* **Activity**
Examine each line of the data. Copy those that contain the string "against".

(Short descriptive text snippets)
-=-=-=-=-

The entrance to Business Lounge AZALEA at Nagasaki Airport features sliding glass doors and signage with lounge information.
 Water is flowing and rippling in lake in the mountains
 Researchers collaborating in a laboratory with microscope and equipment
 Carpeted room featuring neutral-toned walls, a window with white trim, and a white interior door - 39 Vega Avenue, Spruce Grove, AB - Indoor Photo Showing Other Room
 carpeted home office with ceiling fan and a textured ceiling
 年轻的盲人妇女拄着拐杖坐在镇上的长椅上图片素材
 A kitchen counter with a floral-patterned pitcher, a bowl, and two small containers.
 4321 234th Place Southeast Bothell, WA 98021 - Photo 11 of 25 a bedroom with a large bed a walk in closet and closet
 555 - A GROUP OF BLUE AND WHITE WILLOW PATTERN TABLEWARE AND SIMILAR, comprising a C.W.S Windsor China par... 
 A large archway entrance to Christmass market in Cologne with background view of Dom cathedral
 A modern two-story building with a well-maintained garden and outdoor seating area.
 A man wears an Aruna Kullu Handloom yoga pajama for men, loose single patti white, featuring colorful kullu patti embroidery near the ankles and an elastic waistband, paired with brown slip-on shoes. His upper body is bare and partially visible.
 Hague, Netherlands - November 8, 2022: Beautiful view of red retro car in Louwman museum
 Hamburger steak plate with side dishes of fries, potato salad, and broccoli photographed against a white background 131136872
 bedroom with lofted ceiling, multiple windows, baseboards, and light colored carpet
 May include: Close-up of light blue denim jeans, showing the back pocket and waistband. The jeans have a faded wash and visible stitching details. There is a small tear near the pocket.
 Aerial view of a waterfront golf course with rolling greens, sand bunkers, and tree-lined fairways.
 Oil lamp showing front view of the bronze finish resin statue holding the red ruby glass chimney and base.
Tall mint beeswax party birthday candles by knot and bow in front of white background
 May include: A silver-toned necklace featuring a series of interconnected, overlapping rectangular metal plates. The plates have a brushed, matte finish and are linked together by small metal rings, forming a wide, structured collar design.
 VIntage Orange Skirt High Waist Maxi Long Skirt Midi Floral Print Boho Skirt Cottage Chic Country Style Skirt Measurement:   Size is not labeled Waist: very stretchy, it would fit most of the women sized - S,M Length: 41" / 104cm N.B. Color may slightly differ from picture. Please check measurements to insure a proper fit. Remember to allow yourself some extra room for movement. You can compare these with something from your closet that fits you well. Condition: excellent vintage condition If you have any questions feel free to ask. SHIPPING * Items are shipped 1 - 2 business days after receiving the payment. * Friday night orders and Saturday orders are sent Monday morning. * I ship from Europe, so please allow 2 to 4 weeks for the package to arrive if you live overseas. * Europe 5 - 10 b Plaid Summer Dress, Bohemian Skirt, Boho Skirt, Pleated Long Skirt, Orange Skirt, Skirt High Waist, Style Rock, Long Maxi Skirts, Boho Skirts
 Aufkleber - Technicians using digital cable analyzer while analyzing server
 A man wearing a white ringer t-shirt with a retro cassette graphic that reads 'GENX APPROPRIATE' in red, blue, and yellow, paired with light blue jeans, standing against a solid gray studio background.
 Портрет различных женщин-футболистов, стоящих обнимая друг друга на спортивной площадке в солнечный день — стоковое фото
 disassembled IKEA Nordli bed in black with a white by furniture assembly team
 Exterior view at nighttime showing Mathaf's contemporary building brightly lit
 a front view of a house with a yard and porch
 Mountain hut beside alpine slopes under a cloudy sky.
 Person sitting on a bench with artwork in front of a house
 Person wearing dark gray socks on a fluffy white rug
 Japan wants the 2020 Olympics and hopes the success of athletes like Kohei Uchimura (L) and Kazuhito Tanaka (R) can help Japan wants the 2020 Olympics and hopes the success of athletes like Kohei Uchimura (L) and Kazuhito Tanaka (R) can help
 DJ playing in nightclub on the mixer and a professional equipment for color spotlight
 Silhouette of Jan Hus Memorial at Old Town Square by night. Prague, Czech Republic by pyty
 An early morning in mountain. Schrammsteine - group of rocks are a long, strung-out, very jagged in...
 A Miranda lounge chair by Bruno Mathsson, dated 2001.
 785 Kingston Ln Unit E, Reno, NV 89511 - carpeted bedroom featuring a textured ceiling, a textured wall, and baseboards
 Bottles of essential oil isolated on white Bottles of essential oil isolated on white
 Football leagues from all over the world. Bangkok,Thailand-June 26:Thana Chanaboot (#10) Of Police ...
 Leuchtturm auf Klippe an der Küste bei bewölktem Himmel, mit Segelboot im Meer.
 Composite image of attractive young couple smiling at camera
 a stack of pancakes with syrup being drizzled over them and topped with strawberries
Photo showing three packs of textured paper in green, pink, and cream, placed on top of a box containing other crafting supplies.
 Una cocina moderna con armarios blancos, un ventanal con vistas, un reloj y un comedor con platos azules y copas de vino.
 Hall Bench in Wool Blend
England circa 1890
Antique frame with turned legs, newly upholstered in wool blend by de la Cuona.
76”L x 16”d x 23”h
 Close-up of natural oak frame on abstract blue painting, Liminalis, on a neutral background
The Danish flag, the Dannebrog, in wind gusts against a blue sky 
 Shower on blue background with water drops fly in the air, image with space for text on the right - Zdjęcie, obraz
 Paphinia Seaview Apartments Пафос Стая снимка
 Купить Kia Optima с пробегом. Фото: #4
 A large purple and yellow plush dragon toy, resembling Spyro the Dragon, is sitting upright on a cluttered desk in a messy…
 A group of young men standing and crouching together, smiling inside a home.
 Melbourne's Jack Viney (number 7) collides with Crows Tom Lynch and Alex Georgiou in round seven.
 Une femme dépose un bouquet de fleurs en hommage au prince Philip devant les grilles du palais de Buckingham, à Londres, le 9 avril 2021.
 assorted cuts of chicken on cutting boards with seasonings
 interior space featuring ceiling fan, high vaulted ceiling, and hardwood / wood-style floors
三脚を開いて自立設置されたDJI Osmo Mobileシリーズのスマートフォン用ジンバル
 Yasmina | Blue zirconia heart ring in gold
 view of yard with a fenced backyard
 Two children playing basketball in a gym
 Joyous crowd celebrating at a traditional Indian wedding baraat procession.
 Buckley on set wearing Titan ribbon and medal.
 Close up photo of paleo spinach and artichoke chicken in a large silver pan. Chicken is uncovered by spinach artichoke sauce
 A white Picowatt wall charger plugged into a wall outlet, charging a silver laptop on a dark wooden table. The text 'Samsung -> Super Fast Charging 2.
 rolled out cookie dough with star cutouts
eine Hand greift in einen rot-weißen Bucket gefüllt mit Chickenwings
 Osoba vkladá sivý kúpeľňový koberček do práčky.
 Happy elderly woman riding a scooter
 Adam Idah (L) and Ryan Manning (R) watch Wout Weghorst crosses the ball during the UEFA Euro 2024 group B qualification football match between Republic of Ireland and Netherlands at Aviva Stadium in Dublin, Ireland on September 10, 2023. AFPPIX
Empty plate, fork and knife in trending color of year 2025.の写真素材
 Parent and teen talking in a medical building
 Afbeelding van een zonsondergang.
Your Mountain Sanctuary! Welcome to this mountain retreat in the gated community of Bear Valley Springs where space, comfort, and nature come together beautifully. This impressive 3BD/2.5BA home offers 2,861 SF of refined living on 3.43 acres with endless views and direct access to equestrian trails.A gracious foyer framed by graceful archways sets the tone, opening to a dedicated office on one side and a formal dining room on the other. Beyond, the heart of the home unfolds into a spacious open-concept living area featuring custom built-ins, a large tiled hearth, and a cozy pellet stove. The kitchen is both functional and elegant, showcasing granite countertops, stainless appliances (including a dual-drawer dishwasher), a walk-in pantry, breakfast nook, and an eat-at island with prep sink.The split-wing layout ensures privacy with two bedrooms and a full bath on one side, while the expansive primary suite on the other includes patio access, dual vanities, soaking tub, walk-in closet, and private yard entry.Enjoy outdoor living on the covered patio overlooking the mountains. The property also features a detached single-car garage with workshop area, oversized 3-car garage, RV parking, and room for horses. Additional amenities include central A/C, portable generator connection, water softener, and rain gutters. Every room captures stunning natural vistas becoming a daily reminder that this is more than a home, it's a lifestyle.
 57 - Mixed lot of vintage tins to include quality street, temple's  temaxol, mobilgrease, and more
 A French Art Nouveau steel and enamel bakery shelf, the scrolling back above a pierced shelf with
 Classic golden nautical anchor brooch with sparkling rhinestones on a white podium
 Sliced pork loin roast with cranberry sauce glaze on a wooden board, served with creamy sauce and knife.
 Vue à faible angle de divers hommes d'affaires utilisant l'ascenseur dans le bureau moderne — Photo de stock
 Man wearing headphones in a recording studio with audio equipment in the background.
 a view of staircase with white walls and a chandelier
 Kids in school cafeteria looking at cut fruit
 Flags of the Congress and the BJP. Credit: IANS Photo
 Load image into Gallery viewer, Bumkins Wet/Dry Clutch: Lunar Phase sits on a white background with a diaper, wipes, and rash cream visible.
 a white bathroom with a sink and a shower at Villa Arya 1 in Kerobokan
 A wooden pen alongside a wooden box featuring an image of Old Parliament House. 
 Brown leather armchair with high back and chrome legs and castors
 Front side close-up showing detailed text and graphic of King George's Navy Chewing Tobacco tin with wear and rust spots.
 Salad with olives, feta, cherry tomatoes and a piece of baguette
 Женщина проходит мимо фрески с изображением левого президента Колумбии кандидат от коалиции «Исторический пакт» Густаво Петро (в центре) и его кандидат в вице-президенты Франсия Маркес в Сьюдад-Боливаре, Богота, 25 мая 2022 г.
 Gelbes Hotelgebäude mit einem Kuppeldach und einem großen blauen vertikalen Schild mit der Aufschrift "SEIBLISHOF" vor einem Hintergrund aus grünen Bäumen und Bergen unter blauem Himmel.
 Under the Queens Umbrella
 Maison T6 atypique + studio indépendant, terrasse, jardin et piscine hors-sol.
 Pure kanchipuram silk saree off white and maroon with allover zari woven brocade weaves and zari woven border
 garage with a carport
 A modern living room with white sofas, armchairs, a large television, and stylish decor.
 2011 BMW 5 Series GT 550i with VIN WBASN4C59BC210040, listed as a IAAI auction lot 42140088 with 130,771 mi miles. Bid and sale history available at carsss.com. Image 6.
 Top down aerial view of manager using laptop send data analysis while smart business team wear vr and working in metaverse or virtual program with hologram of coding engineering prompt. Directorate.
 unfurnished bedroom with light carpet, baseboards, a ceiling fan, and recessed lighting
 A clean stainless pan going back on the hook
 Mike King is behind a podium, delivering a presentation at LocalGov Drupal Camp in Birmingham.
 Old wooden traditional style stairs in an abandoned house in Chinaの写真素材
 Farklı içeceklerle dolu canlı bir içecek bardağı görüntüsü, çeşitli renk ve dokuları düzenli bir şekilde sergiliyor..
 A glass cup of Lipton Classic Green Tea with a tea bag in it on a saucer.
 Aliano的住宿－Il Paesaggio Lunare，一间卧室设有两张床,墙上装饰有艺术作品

-=-=-=-=-

* **Reply**
 Hamburger steak plate with side dishes of fries, potato salad, and broccoli photographed against a white background 131136872
 A man wearing a white ringer t-shirt with a retro cassette graphic that reads 'GENX APPROPRIATE' in red, blue, and yellow, paired with light blue jeans, standing against a solid gray studio background.
The Danish flag, the Dannebrog, in wind gusts against a blue sky 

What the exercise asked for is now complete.